Because nobody replied so i didn't think anyone was interested. More so I didn't want anyone to waste their energy (i have answered questions on this forum only to find the author of the post is no longer interested). For any one interested here is a proof to my original question (the title of the post).

$\sqrt{x}$ is lipschitz of order 1/2 on [0, +inf)

proof:

$|\sqrt{x} - \sqrt{y}| <= \sqrt{x}+ \sqrt{y}$ (by the triangle inequality)

$=> |\sqrt{x} - \sqrt{y}|^2 <= |x - y|$ (some simple algebra)
$=> |\sqrt{x} - \sqrt{y}| <= |x - y|^{1/2}$ (i.e. Lipschitz condition).

If anyone knows how to prove the more general case i.e. prove $x^r$ , $0<r<1$ , satisfies the lipschitz conditon of some order. i would be greatfull if you could share your proof.

ps: lipschitz condition of order $\alpha$ is equivalent to saying holder's condition of order $\alpha$

**Laurent** · October 31st 2009, 05:37 AM

Originally Posted by aukie

If anyone knows how to prove the more general case i.e. prove $x^r$ , $0<r<1$ , satisfies the lipschitz conditon of some order. i would be greatfull if you could share your proof.

Hi,
I just devised the following simple proof:

Let $0<r<1$ . Let $0<a\leq b$ .

For any $0\leq x\leq 1$ , we have $x\leq x^r$ , hence $x^r+(1-x)^r\geq x+(1-x)=1$ .

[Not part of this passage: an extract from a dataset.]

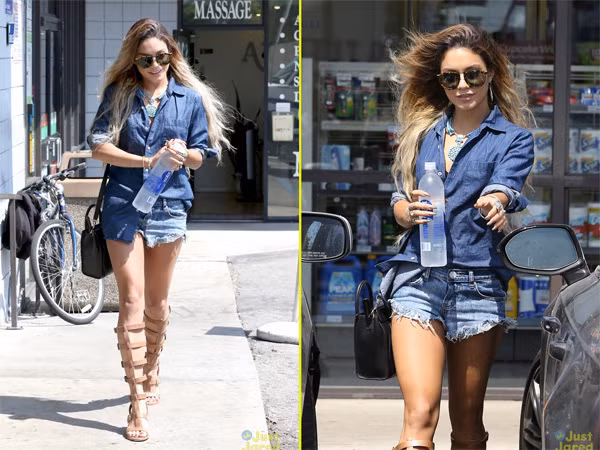 Vanessa Hudgens cực "chất" với bộ denim phía dưới là quần short te tua, phía trên là áo dài tay kết hợp với đôi sandal kiểu đấu sỹ.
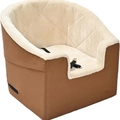 Draagbaar warm pluchen autostoeltje voor kleine honden en katten met veiligheidslijn - 48.3x48.3x38.1cm / tan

Taking $x=\frac{a}{b}$ and multiplying both sides by $b^r$ , we get $a^r+(b-a)^r\geq b^r$ , hence $b^r-a^r\leq (b-a)^r$ . QED.

**aukie** · October 31st 2009, 01:44 PM

Hi Laurent, thanks for your input.

If I have interpreted your proof correctly. It does not prove the problem statement completely, i.e.

$|x^r - y^r| \leq K|x-y|^r, \forall x,y \in [0, \infty)$ and some constant K>0.

but your proof only proves this condition $\forall x,y \in \{ q \in \mathbb{Q}: 0 \leq q \leq 1 \}$ , i.e rational numbers in the unit interval.

Here is what I have come up with so far. We want to prove the equivalent statement:

$\frac{|x^r - y^r|}{|x-y|^r} \leq K \label{eq1}$ , for some constant $K>0$ . (1)

If y = 0, it is obvious the lipschitz constant is K = 1. Thus assume $y>0$ . Now if I consider the limit of the l.h.s as $x \rightarrow y$ , L'Hopitals rule tells me

$\lim_{x \to y} \frac{x^r - y^r}{(x-y)^r} = 0$ ... (here i am assuming x > y, hopefully without loss of generality)

Now this tells me $\forall \epsilon >0, \exists \delta > 0$ , s.t. if $|x-y|<\delta$ then $\frac{x^r - y^r}{(x-y)^r} \leq \epsilon$ . i.e. equation (1) holds in some neighbourhood of y.

But I am not quite sure on how or if I can extend this result to the the entire half line, $[0, \infty)$ ... ???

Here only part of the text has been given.